前が開けた見晴らしのいい家屋敷で台風の夜は大変でした
通夜の日、16日は昨日に増していい天気になりました。予報では明日葬儀の日の天気が心配です。テレビのデータ連動ボタンを押し予報を皆で確認しました。
午後3時半「湯灌」(ゆかん)、4時半親族バスが高山市の葬儀会場へ自宅前出発、6時半一般会葬者バスが公民館前出発、親族には会場で通夜前にお斎の振る舞いの予定です。
寸分狂わず斎場の霊柩車が到着しました。霊柩車は宮型でなく、バン型のクラウンを頼んだとのことでした。いよいよお別れかと、少しセンチメンタルになりました。
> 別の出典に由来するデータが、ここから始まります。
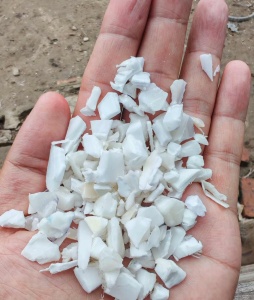 出售白色PP破碎料，共聚的，月供二三十吨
そして軽のバン型車が同道してきました。納棺師の車で中年の御婦人でした。
先ず遺族に正座してご挨拶され、遺族の間には衝立屏風を立て視線を遮蔽されます。
湯灌と納棺師は2008年公開の映画「おくりびと」で、意義と存在が広く認識され、モントリオール世界映画祭でグランプリを受賞するなど、私も見たがいい映画だった。「もっくん」こと本木雅弘の演技が光った。映画のような華麗な指裁きは見えなかった。
飛騨の我が家のあたりでは、湯灌をユカミと訛って言われる。
”湯灌とは、清らかな姿で死出の旅路に旅立たせるもので、昔は遺体を湯で拭き清めていた。だが最近はアルコールを浸した脱脂綿かガーゼで拭く。その際男性は髭剃り、女性なら薄化粧をほどこすなどして(つまり死化粧)、旅立にふさわしい姿にしてあげるのである。
湯灌、死化粧が終わったら、次は「死装束」を着せる。経帷子(きょうかたびら)に手甲(てこう)、脚絆(きゃはん)というのが本来の死装束だが、必ずしもその必要はない。
むしろ最近では、本人が生前に一番気に入っていた衣服を、左前に着せて納棺し、経かたびらは、遺体の上にかける方式が一般的である。なお浄土真宗は冥土に旅立つという考え方はないため死装束はしない。”(以上仏教早わかりエッセンス事典 土屋書店引用)
母の死装束は浴衣を着せ、その上にビニ製模造の着物の前側だけを、いかにも和服のしつらえで重ねていった。最後に模造の草履を足の先に出した。手甲は無かった。
三途の川の渡し賃、六文銭をズタ袋に肩掛けして入れる場合もある。千円札でも入れようかと聞いたら、その必要はないと言われた。
全て終わって遺族の近いものから順に、アルコールをガーゼに侵したパッドを貰い、手足顔を少し拭く儀式があった。化粧が落ちるので顔は余り強く拭くなと案内された。この儀式は初めての経験だった。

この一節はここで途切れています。